◆ Work item ◆
The task calls for every entry to be printed word for word, without the images.
Material for this exercise Block Start
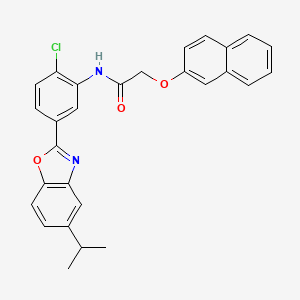 molecular formula C28H23ClN2O3 B12447691 N-{2-chloro-5-[5-(propan-2-yl)-1,3-benzoxazol-2-yl]phenyl}-2-(naphthalen-2-yloxy)acetamide 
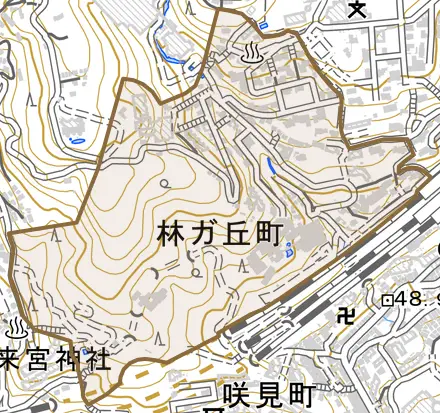 林ガ丘町とその周辺の地図。町の範囲を重ねている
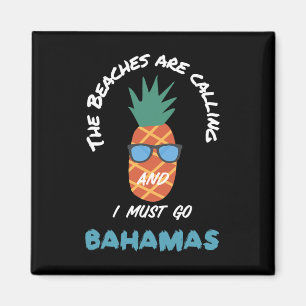 Imán Las playas están llamando a Bahamas Souvenir Pinea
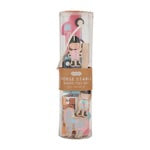 Clear cylinder holds Wood Horse Toy Set with dolls, accessories, wood horses. Available in small, medium, and large sizes.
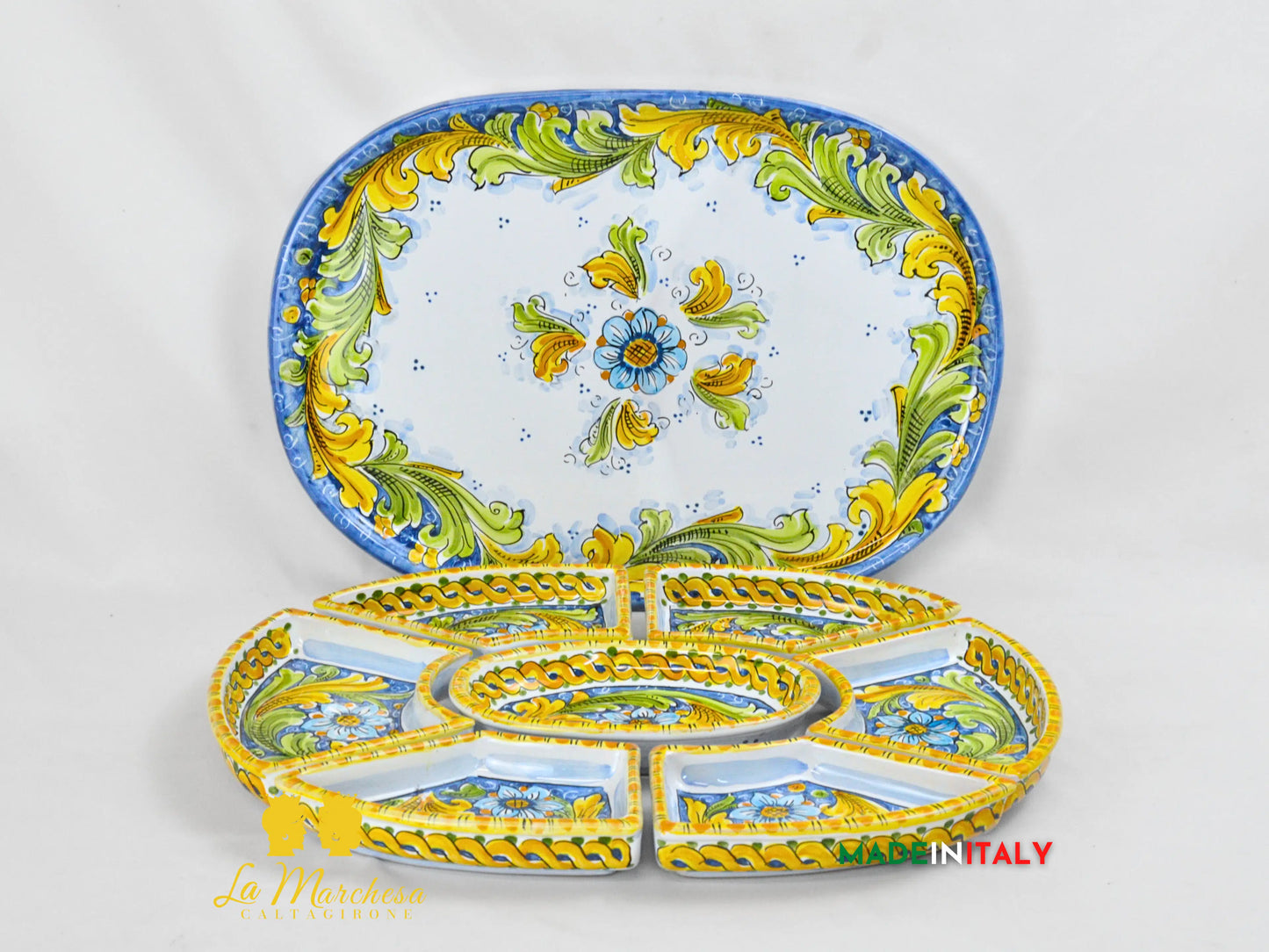 Antipastiera Cena Fredda in Ceramica di Caltagirone - Vari Modelli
Material for this exercise Block End
◆ Response to the task ◆
 molecular formula C28H23ClN2O3 B12447691 N-{2-chloro-5-[5-(propan-2-yl)-1,3-benzoxazol-2-yl]phenyl}-2-(naphthalen-2-yloxy)acetamide 
 林ガ丘町とその周辺の地図。町の範囲を重ねている
 Imán Las playas están llamando a Bahamas Souvenir Pinea
 Clear cylinder holds Wood Horse Toy Set with dolls, accessories, wood horses. Available in small, medium, and large sizes.
 Antipastiera Cena Fredda in Ceramica di Caltagirone - Vari Modelli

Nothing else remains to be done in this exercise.